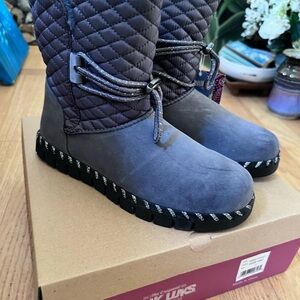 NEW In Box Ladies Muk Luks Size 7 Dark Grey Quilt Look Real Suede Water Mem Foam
==
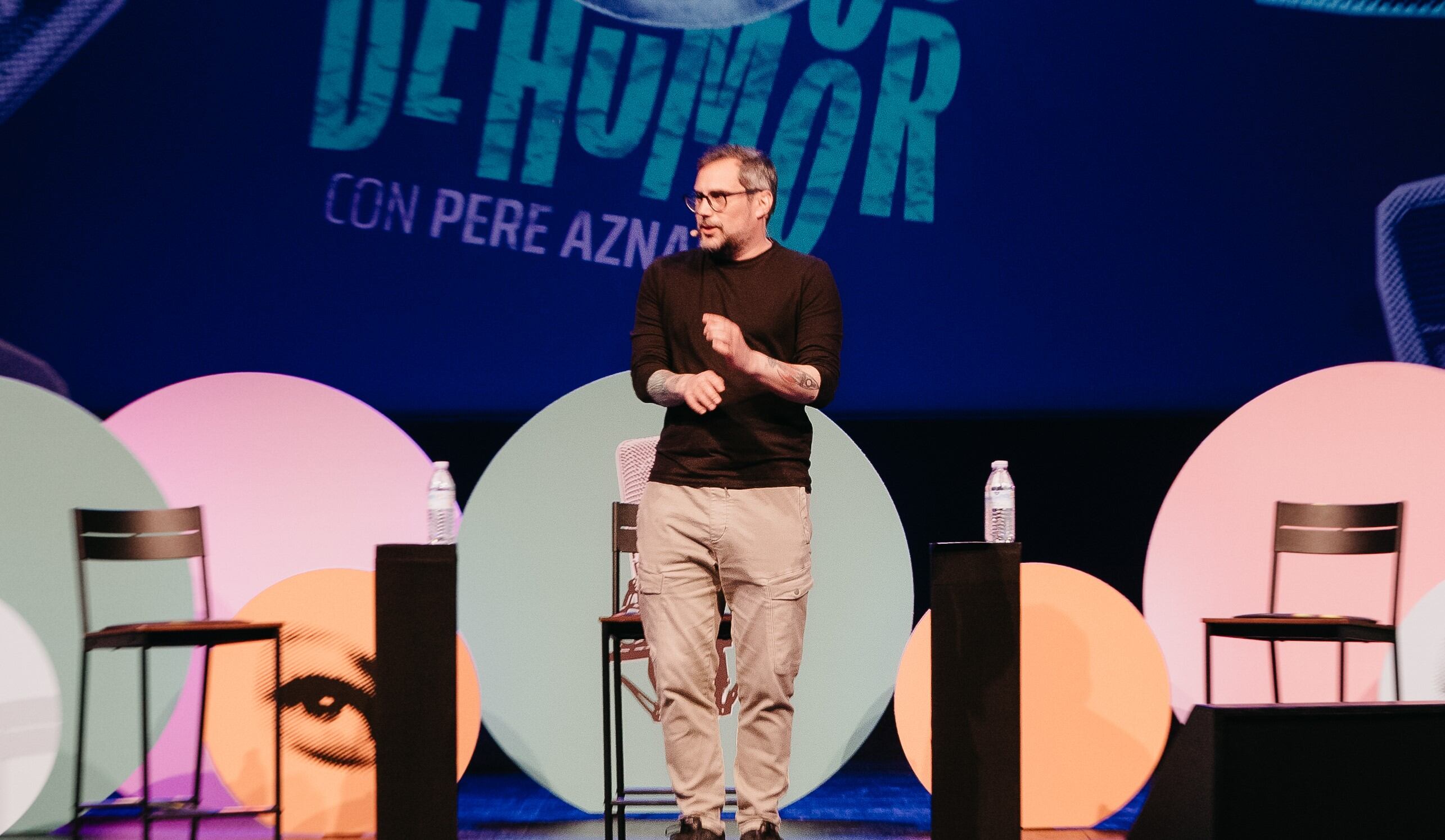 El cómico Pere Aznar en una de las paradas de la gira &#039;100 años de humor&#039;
...
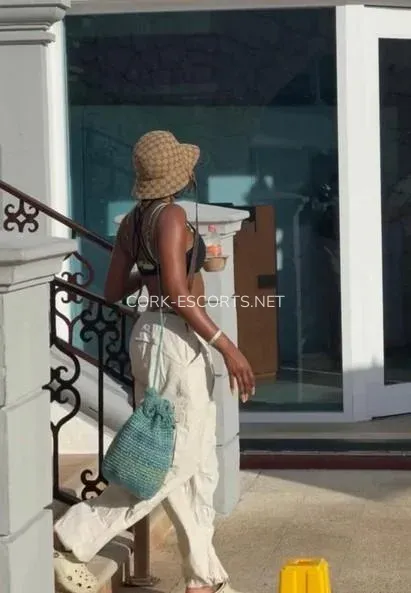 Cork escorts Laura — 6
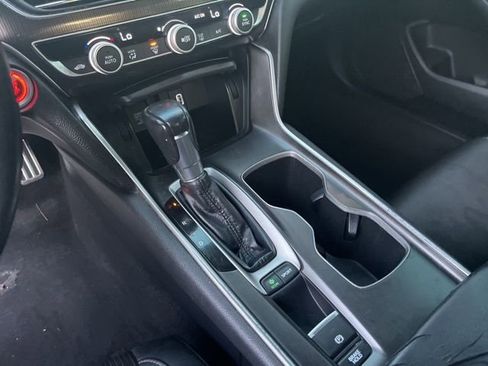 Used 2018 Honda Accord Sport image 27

▶ **REQUIRED ACTION**
The copy should hold exactly the lines above from the one with "Cork escorts Laura — 6" through the one with "Used 2018 Honda Accord Sport image 27", both ends counted, and no pictures at all.

▶ **RESULT**
 Cork escorts Laura — 6
 Used 2018 Honda Accord Sport image 27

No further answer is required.